第七十九片 三人目
俺の死ぬかもしれないという予想は、幸いにも杞憂に終わった。
王様の命を受けた兵士数人と共に別室に入れられた時はどうなることかと危惧したが、そこではアストリアや俺、そしてレジルさんのことを聞かれるだけだった。
分からないことに関しては正直に答えると二、三度聞き直されたが、最終的には声を荒げることもなく流してくれた。
時おり「こんなところに連れてこられて不安じゃないか?」「何かあったら力になるからな」と、励まされることさえあった。
取り調べが終わると兵士の一人が席を立った。
十数分後、少し口角を上げながら帰ってきた。
「冬くん、君はこれからうちの国で保護することになった」
兵士さんの口から出てきたのは、思いもかけない言葉だった。
俺を保護? うちの国王を拐おうとしてた国が?
「君は魔力こそ豊富だが、戦闘能力は一般人並みだそうだと言ったら、護衛まで付けてくれると国王様は言ってくれた」
よかったな、と肩を叩かれるが、本当にこれが良いことなのか、俺には判断がつかなかった。
護衛と言えば聞こえはいいが、それがお目付け役である可能性もある。
そしてこちらに飛ばされる前の話もある。手放しに相手であるラスフロスのことを信じることは、できなかった。
とはいえ、今はどちらにしろ相手の言うことを聞く他ない。仕方なしに、俺は護衛との合流場所に足を運んでいた。
設定された場所は、城の中の庭にある噴水の前。石造りの城の壁に囲まれた、草木の緑と水の青に彩られた庭。
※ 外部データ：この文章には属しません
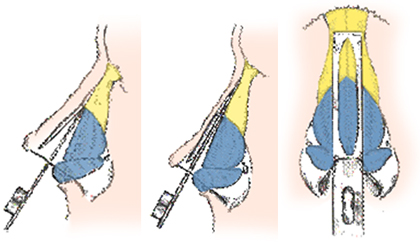 OSTEOTOME SHARPNESS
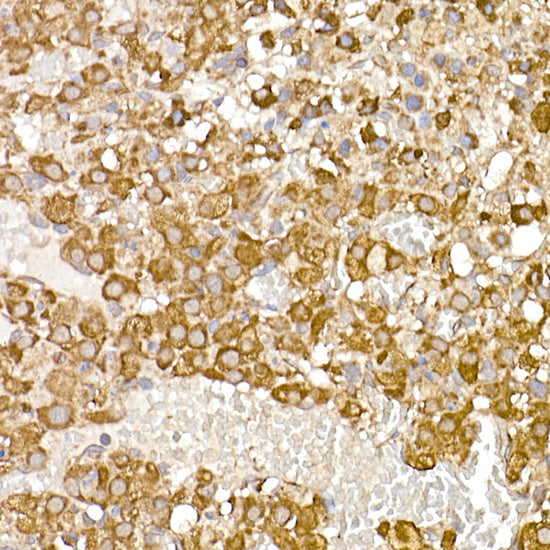 UQCRH Rabbit mAb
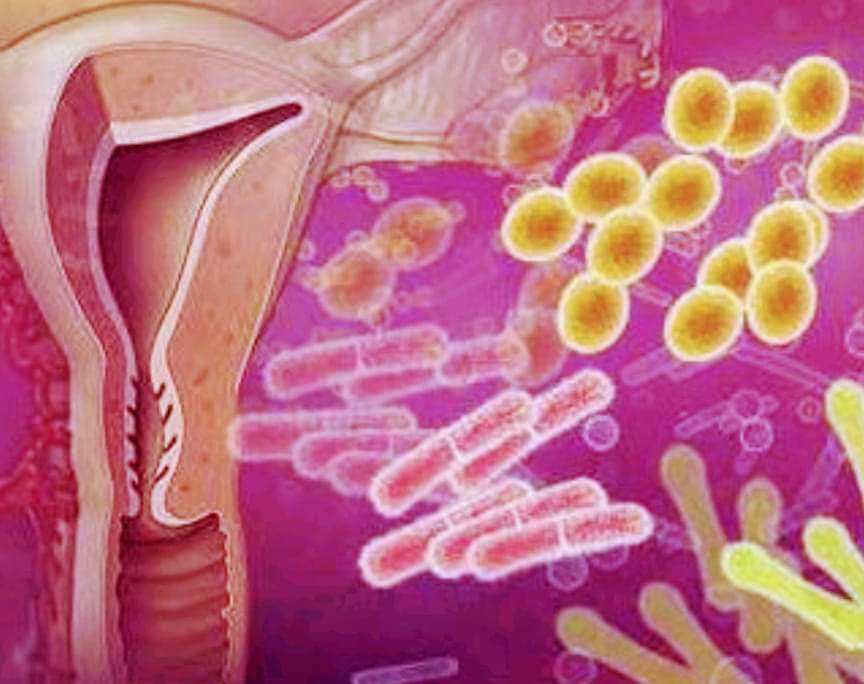 Microbiota vaginale e medicina riproduttiva. Read More👇linkedin.com/pulse/microbio… #dianayedid <a href="/dydmedicinaint/">dyd medicina int</a>
#microbiotavaginale #medicinariproduttiva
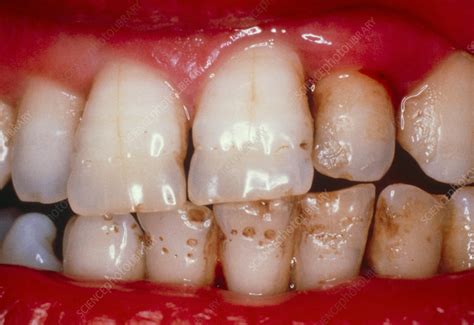 Pitted teeth: hypoplasia of the enamel - Stock Image - M782/0044 - Science Photo Library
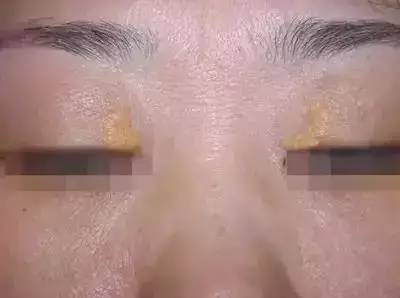 心脏不好有什么表现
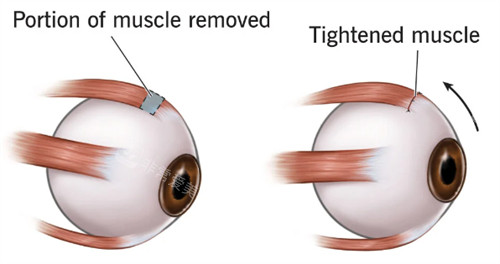 斜视眼睛肌肉和正常眼睛肌肉不同
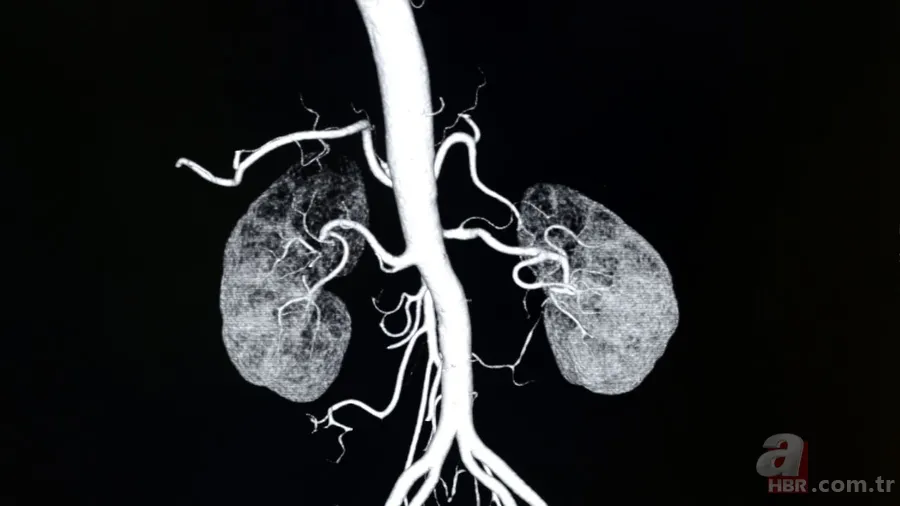 Aort damarı yırtıldığında ne olur? Aort damarı yırtılması nedir, neden olur? Belirtileri ve tedavi yöntemleri 5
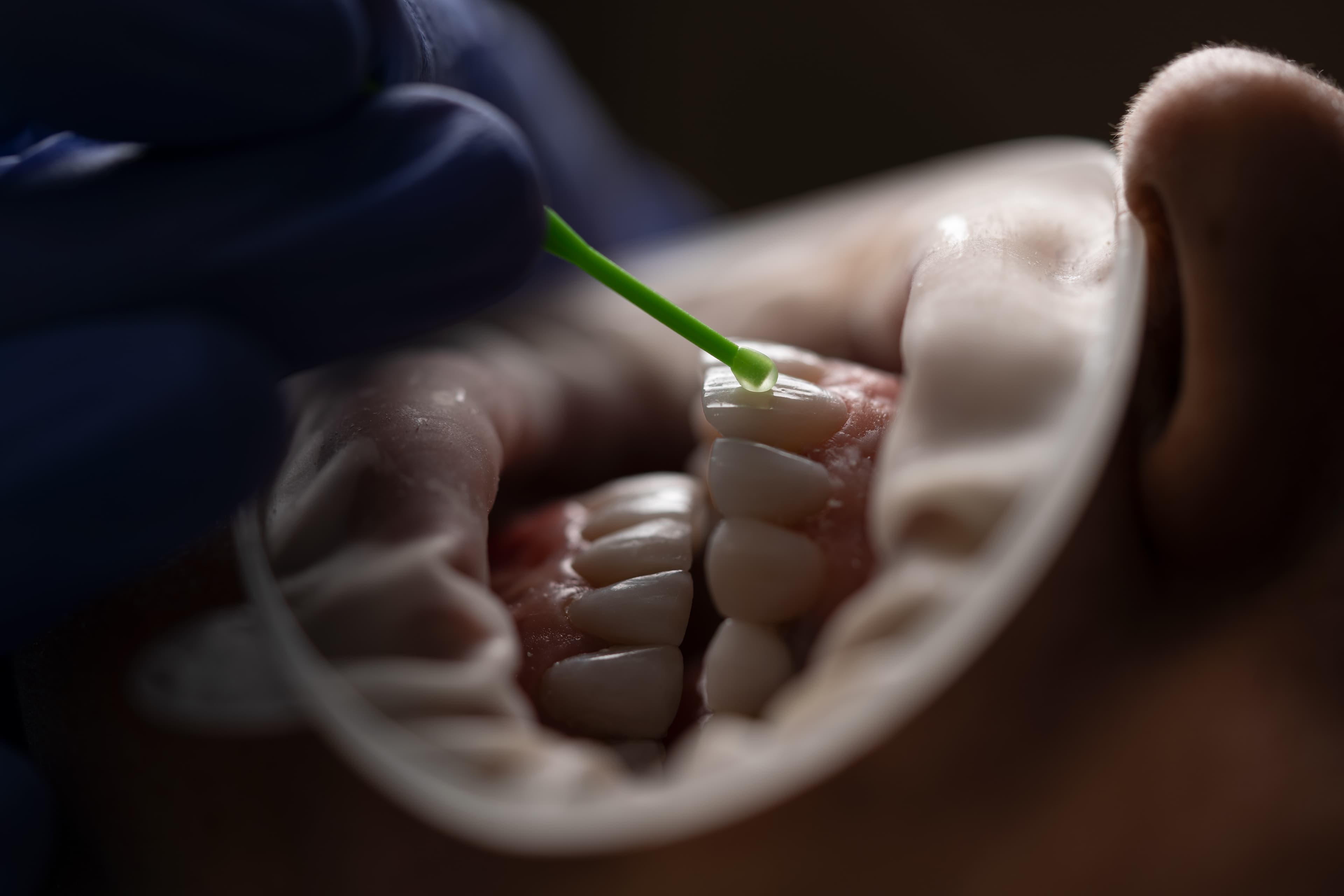 Philmont Family Dentistry - Dentist in Philmont, NY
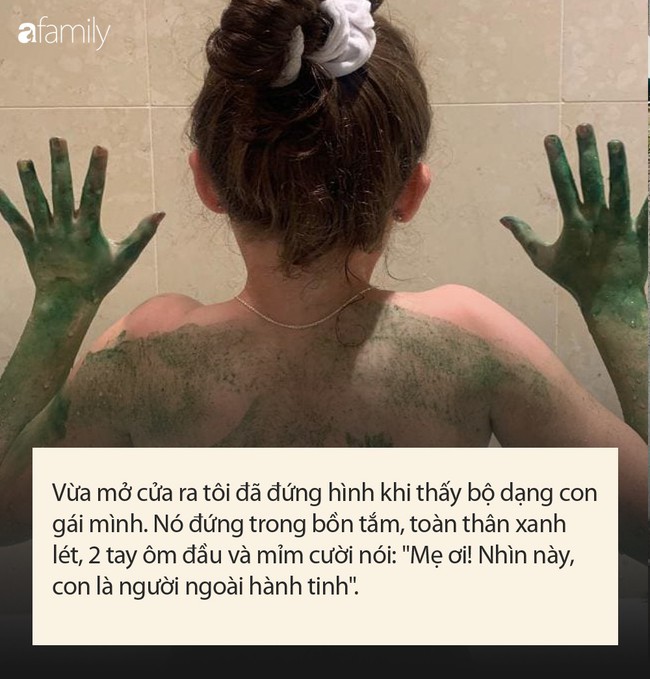 Nghe tiếng con hét trong nhà tắm, mẹ chạy vào và sửng sốt khi thấy con trông như "người ngoài hành tinh" - Ảnh 2. Nghe tiếng con hét trong nhà tắm, mẹ chạy vào và sửng sốt khi thấy con trông như "người ngoài hành tinh" - Ảnh 2.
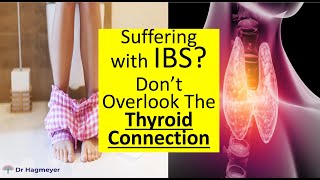 The Connection Between Thyroid Disease amp IBSDr Hagmeyer [upl. by Leiuqese407]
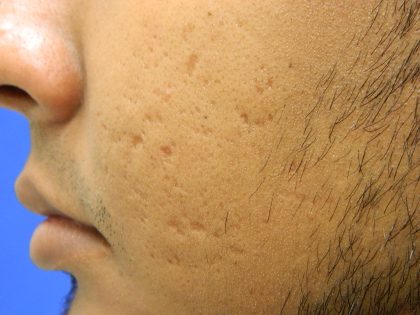 Acne Scarring Before & After Patient #9479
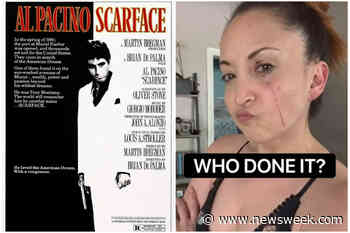 Impressive Cat Scratch Leaves Woman Looking Like Al Pacino in 'Scarface' - Newsweek
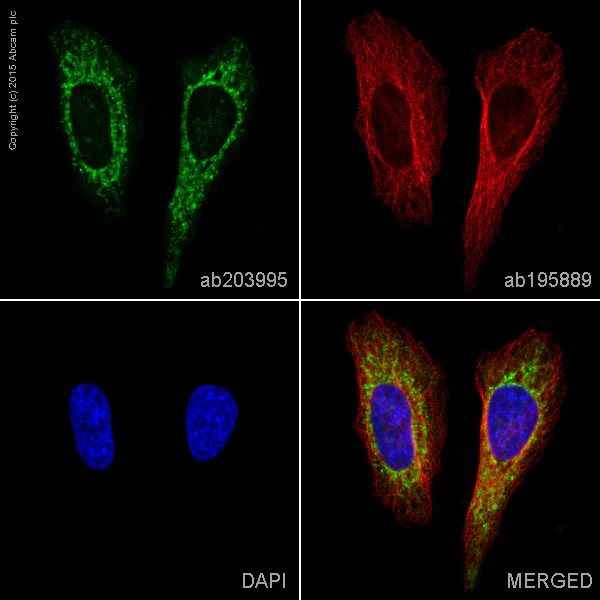 Immunocytochemistry/ Immunofluorescence - Alexa Fluor® 488 Anti-Cytochrome P450 17A1/CYP17A1 antibody [EPR6293] (AB203995)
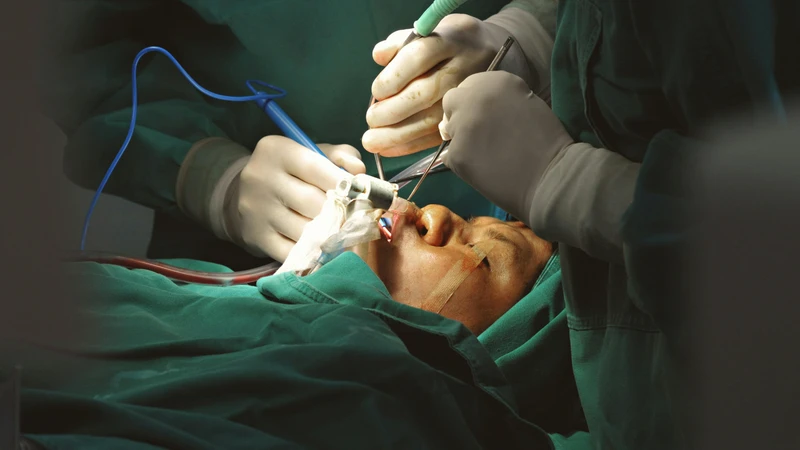 Phẫu thuật hạt xơ thanh quản được chỉ định khi triệu chứng bệnh trở nên nghiêm trọng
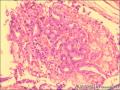 乳腺导管原位癌+小叶原位癌图19
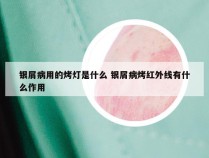 银屑病用的烤灯是什么 银屑病烤红外线有什么作用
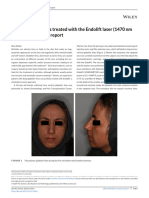 Static Glabellar Lines Treated With The Endolift Laser (1470 NM Diode Laser) : A Case Report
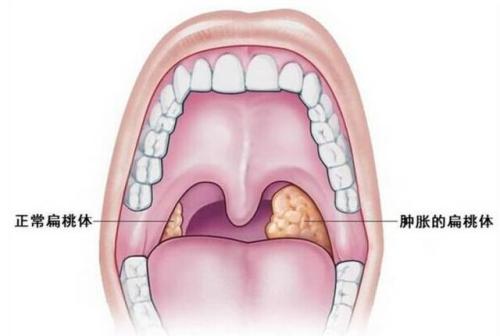 儿童扁桃体肥大可能是由细菌病毒引起的当我们身体抵抗细菌的能力下降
兵士に案内してもらってその場に着くと、既に相手は到着しており、じっと噴水を眺めていた。
後ろ姿は男とも女とも取れる細身にショートカット。
黒く引き締まったズボンと黒いジャケットに霞んだ赤髪が強調される。
護衛というのは、この人のことなんだろうか?
おそるおそる、声をかけてみる。
「あ、あの」
「へいへい?」
この声は男の声だ。低くて、少しかすれた声。
男性は振り返り、その眩しいほどの笑顔を見せてきた。
「あんたが清水くん、かな?」
「はい、そうです」
「そうかそうか! 今回は災難だったな!」
彼はけらけらと笑いながら、しかし一度もその目を開けない。
「まぁ、よろしく頼む。この辺りかな?」
彼が差し出した手は、俺より少し右に向かって伸びていた。
「俺はここですよ」
「ん? あぁ、ごめんごめん。まちがえちった」
またけらけらと笑い、俺の方に手を差し出し直す。
その手をとると、彼は固く握ってきた。
「俺は亮。中籠亮だ。よろしく」
「清水冬です。よろしく」
彼の目は弧を描きはするが、やはり開くことはなかった。